Quote the data exactly, first line to the line containing "Kenneth W. Arida, DDS, PC", with no pictures.

*** Opening of RECORDS FOR THIS EXERCISE ***

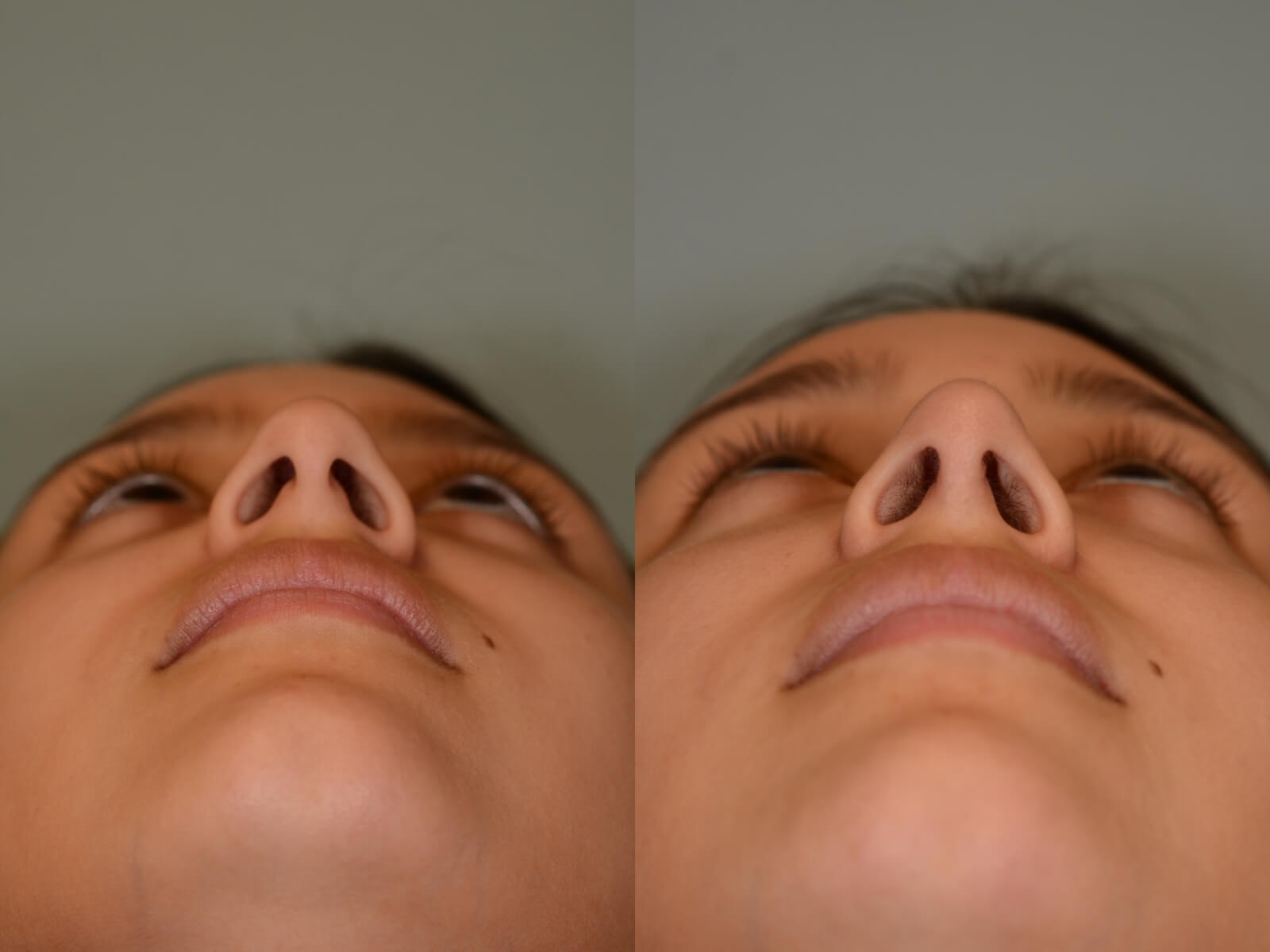 Rhinoplasty Before and After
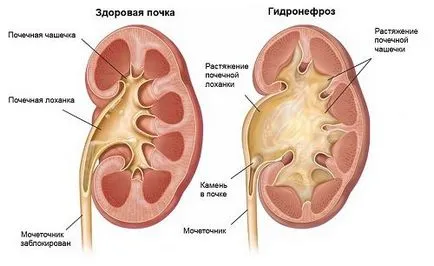 Mint kezelni a vese fáj, ha a tünetek kezelésére és népi jogorvoslati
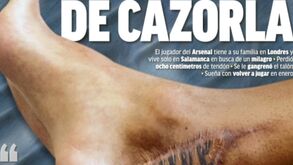 Arrepiante: assim está o pé de Santi Cazorla após oito operações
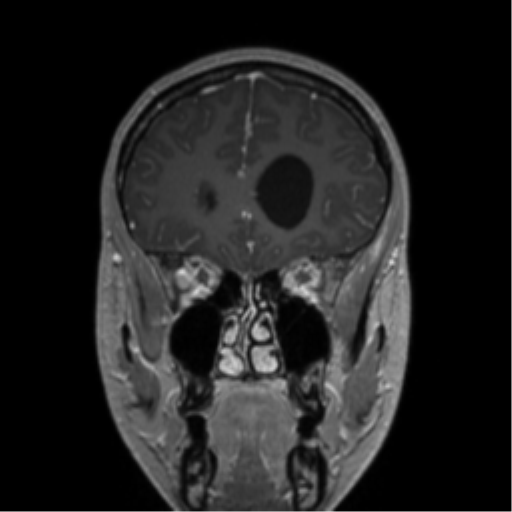 Central neurocytoma (Radiopaedia 37664-39557 Coronal T1 C+ 65).png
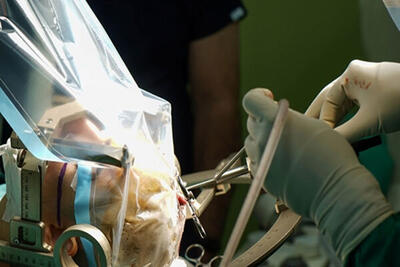 ۷ عمل جراحی عروق طی یک روز در بیمارستان ساری انجام شد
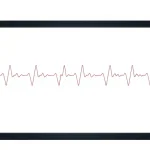 Știre despre cardiac, dispozitiv monitorizare activitate și dispozitive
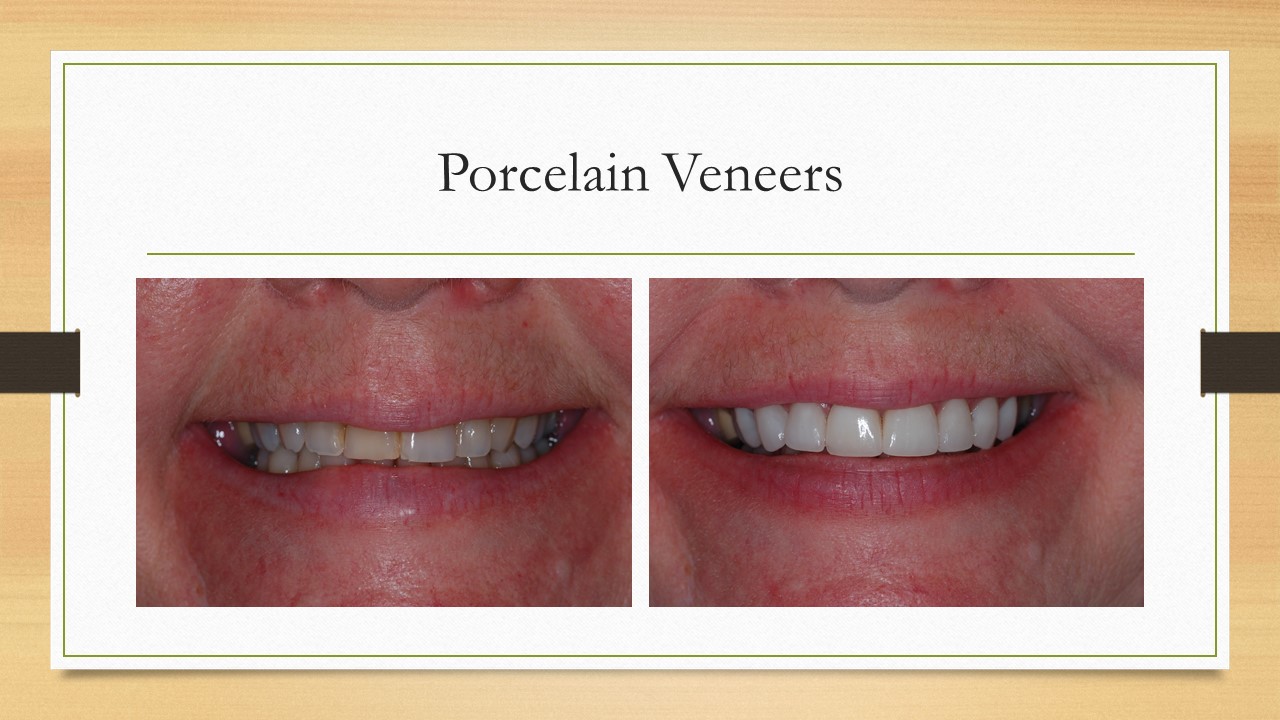 Kenneth W. Arida, DDS, PC | Cosmetic Dentistry, Sedation Dentistry and Sleep Apnea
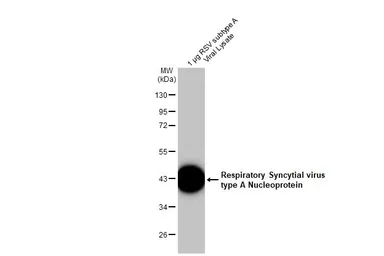 Anti-Respiratory Syncytial virus type A Nucleoprotein antibody [HL1297] used in Western Blot (WB). GTX636711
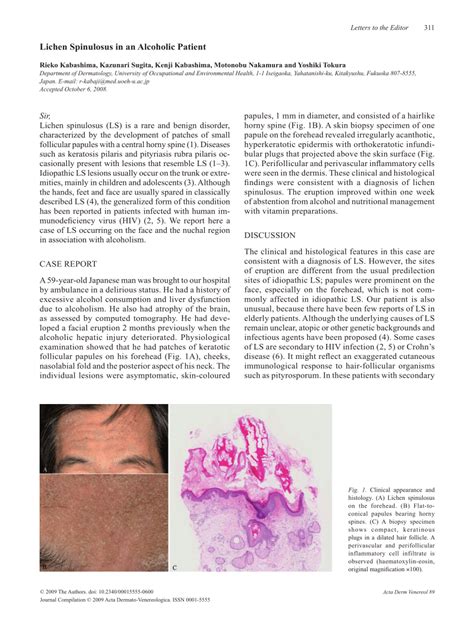 (PDF) Lichen Spinulosus in an Alcoholic Patient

*** Close of RECORDS FOR THIS EXERCISE ***

* WRITTEN SOLUTION *
 Rhinoplasty Before and After
 Mint kezelni a vese fáj, ha a tünetek kezelésére és népi jogorvoslati
 Arrepiante: assim está o pé de Santi Cazorla após oito operações
 Central neurocytoma (Radiopaedia 37664-39557 Coronal T1 C+ 65).png
 ۷ عمل جراحی عروق طی یک روز در بیمارستان ساری انجام شد
 Știre despre cardiac, dispozitiv monitorizare activitate și dispozitive
 Kenneth W. Arida, DDS, PC | Cosmetic Dentistry, Sedation Dentistry and Sleep Apnea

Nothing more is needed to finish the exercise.